Mobile mentors deployed in Visayas

By TONY PE. RIMANDO
June 23, 2011, 4:33pm

CEBU CITY, Cebu, Philippines – The Department of Education (DepEd) has deployed a total of 377 mobile teachers for the past six years in Eastern, Central and Western Visayas to provide basic literacy lessons to school-age children in remote villages in the three regions, it was learned here recently.

Director Carolina S. Guerrero of the Bureau of Alternative Learning System (BALS), formerly known as the Bureau of Non-Formal Education, said during a national conference of regional alternative learning system (ALS) chiefs and assistant chiefs that DepEd, through BALS, employs mobile tutors to teach basic literacy skills to children who cannot enroll in regular elementary schools owing to the far distance of their homes.

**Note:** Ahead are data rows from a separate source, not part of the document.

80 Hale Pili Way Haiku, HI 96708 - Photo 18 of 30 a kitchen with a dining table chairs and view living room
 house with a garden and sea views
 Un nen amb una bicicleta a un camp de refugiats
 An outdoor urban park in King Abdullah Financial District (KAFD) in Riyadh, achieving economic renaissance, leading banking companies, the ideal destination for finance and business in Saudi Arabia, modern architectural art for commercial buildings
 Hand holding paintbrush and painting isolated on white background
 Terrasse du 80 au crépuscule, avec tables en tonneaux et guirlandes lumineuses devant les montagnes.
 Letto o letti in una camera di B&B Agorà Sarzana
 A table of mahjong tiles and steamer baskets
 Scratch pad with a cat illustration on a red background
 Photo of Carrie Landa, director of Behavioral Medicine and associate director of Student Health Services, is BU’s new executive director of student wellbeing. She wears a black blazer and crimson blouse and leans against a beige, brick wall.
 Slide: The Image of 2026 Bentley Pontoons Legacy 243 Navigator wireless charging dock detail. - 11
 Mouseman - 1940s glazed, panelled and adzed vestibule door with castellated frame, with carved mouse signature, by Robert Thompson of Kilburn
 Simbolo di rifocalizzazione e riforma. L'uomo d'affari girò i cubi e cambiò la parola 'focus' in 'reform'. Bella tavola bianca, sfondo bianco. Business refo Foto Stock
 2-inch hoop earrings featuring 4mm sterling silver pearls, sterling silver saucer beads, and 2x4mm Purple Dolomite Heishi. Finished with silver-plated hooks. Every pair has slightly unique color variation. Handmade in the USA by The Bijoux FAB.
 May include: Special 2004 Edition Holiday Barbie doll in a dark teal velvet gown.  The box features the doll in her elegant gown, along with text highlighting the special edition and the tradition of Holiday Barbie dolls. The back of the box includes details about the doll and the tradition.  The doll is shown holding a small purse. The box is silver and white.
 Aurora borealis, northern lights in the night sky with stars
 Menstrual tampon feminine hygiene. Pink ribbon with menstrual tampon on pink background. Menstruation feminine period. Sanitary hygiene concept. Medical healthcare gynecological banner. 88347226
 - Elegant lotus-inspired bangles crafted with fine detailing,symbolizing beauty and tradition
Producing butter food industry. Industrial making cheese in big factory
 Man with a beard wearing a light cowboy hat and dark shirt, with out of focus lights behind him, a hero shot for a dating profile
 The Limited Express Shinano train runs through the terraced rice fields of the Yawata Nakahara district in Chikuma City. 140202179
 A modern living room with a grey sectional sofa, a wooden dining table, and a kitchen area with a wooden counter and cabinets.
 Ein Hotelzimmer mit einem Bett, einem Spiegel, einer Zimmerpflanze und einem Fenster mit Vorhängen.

Guerrero explained that a mobile teacher, armed with appropriate instructional modules, travels usually by foot to a remote barangay or sitio, gathers some 20 to 50 children and group them together in a non-graded class through the help of local leaders and parents using a barangay chapel, if any, or a tree-shaded area as a classroom.

For a period of about five months, Guerrero said, the mentor teaches the children basic literacy skills like reading, ‘riting and ‘rithmetic (or the so-called three Rs), with some livelihood lessons integrated into the subjects.